Hücre Fenotip ve Fonksiyon 7. Stabilizasyon

  1. Resim hücre tipi için standart yöntemler kullanılarak hücre morfolojisi, canlılık ve polaritesi. Hepatositlerde için, kollajen birikimi etkilerini göstermek için apikal polarizasyon faz mikroskobu, canlılığı için LIVE / DEAD boyama ve CMFDA boya kullanılarak 14 gün boyunca görüntüleri toplamak.
  2. Hücre morfolojisi için, durulama, 20 ul PBS ve görüntüyü faz kontrast mikroskopisi kullanılarak cihazı enjekte PBS 20 ul ile pipetle giriş boyunca cihazı yıkayın.
  3. Ölü / canlı boyama için, durulama, üretici talimatlarına göre hazırlanır DAPI ile ölü / canlı boyama çözeltisi 20 ul enjekte etmek için PBS 20 ul ile pipetle giriş boyunca aygıtı temizleme, 37 ° C'de 30 dakika inkübe edilir, durulama Cihaz tekrar 20 PBS ul ve görüntünün floresan mikroskobu kullanarak cihazı ile.
  4. Safra Canaliculi boyama, imalatçının talimatları izlenerek, 37 ° C de 30 dakika inkübe hazırlanan DAPI ile 2 uM CMFDA boyama çözeltisi 20 ul enjekte etmek için durulama PBS 20 ul ile pipetle giriş boyunca aygıtı temizleme ile tekrar cihazı yıkayın 20 ul PBS ve görüntü floresan mikroskobu kullanarak cihazı.
  5. Harcanan ortam toplamak ve hücre fonksiyonunu belirlemek için, kültür süresi boyunca uygun zaman noktalarında hücresel metabolik ürünlerini ölçmek. Hepatositler için, harcanan ortam içinde albumin ve üre miktarını ölçer.
  6. Böyle değerlendirmek enzim aktivite düzeyleri, antikor boyama ya da RNA analiz gibi hücreler kendilerini, üzerinde son nokta fonksiyonel analizler gerçekleştirin. Hepatositlerde için, neden ve sitokrom P450 enzim faaliyetleri veya faz II konjugasyon enzim glutatyon S-transferaz ölçün.
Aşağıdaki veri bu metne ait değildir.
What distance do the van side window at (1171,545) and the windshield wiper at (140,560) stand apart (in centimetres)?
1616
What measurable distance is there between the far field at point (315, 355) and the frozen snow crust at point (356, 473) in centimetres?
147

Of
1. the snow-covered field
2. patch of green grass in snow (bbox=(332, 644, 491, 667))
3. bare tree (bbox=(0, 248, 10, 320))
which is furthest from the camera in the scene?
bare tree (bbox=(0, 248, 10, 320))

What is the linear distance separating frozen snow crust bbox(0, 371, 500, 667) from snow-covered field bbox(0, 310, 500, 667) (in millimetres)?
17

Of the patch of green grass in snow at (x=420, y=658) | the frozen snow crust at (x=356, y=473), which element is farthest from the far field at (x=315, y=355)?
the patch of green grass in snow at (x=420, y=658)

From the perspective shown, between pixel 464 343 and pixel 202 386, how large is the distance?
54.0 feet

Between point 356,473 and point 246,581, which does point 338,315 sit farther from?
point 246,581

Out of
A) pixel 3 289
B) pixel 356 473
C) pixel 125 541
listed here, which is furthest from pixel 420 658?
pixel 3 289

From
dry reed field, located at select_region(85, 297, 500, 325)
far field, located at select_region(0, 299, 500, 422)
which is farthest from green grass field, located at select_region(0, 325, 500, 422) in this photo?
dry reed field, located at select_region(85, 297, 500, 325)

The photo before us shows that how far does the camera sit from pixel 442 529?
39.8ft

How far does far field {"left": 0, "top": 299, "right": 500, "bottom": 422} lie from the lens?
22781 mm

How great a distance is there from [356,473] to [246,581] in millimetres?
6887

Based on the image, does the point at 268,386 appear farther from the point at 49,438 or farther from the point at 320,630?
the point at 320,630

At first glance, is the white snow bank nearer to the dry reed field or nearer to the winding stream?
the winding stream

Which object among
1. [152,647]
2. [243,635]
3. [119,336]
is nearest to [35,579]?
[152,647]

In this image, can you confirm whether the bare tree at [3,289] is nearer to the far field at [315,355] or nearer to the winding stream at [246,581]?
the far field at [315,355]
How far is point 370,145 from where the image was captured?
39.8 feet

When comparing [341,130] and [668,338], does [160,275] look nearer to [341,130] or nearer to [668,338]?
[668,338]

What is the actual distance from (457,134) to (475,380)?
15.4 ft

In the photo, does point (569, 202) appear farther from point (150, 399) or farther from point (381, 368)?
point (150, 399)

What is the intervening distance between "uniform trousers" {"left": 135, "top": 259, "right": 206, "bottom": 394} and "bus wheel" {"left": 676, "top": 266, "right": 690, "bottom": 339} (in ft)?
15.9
Subscription Required. Please recommend JoVE to your librarian.

Representative Results

or Start trial to access full content. Learn more about your institution’s access to JoVE content here

Yerli kollajen tabakası-katman birikimi kullanmak için polikatyonik ve polianyonik kollajen çözümleri oluşturmak için metilasyon ve succinylation kullanılarak değiştirilebilir. Succinylation sukkinil grupları ile nativ kollajen ε-amino grupları değiştirir ve metilasyon, bir metil grubu (Şekil 1A) ile saf kollajenine karboksil gruplarını değiştirir. Kollajen proteini amino asit yan zincirlerine Bu modifikasyonlar çözeltiler pH titrasyon eğrilerini değiştirebilir. Metilasyon, amino grupları üzerinde hiçbir etkisi yoktur ve karboksil gruplarının sayısını azaltır Succinylation doğal kolajen (Şekil 1B) ile karşılaştırıldığında, amino gruplarının sayısını azaltır ve karboksil gruplarının sayısı artar. Bu modifikasyonlar, kollajen moleküllerinin yük özelliklerini değiştirebilir. Succinylation pozitif yüklü gruplarını çıkarır ve negatif yüklü gruplar ile değiştirir, ve metilasyon negatif yüklü gruplarını çıkarır (Şekil 1C </ strong>).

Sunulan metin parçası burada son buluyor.